A walking contradiction disguised as a person. Officially
18, pushing
21, and mentally stuck in a perpetual loading screen. Most commonly caught having his phone confiscated after playing mobile
Fortnite at 1 a.m., despite repeated warnings, alarms, and acts of mercy. When confronted,
will loudly and publicly insist: “I DON’T
GOON”, usually in crowded Chick-fil-A locations where silence was previously present.
Zaylin once declared himself Poseidon after jumping through a
single ocean wave, immediately throwing up, and yelling “I’M POSEIDON” as if this was a widely accepted origin story. Claims vegetarianism while ordering a
pizza stacked with three different meats, then acts shocked when mixing Baja
Blast, Jamba Juice, and poor life decisions results in vomiting.

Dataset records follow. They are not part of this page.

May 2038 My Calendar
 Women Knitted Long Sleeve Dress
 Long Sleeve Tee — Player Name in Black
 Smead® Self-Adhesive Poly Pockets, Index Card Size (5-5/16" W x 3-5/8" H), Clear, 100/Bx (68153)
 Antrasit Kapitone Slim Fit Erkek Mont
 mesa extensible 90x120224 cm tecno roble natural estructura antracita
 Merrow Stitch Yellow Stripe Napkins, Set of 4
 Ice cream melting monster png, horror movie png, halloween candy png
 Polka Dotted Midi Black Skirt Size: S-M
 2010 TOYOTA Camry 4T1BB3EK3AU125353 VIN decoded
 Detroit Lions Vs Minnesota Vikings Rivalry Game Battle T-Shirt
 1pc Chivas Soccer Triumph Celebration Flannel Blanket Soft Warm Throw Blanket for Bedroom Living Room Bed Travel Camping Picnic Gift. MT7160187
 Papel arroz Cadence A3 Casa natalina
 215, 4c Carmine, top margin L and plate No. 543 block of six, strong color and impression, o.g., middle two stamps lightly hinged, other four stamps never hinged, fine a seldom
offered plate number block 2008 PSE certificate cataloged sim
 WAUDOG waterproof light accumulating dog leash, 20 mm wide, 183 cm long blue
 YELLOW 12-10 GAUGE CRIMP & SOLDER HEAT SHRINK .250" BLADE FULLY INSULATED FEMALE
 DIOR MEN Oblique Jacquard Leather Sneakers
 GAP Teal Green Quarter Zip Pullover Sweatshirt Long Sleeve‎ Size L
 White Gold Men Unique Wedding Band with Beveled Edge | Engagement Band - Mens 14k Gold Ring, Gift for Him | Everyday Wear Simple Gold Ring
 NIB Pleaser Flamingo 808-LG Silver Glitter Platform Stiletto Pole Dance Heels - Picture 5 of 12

Information must be strictly gatekept from Zaylin. Plans, jokes, context, and basic explanations cannot be trusted in his hands. Considered a special case who must regularly be reminded to keep thoughts in his noggin and pay a monthly fee (financial, emotional, or contractual) to remain in any group
chat. Without supervision, Zaylin may derail conversations, misunderstand everything, and expose classified information within minutes, such as
people getting traffic tickets, as he sees it as a way to distract someone so they don't realize he is gooning.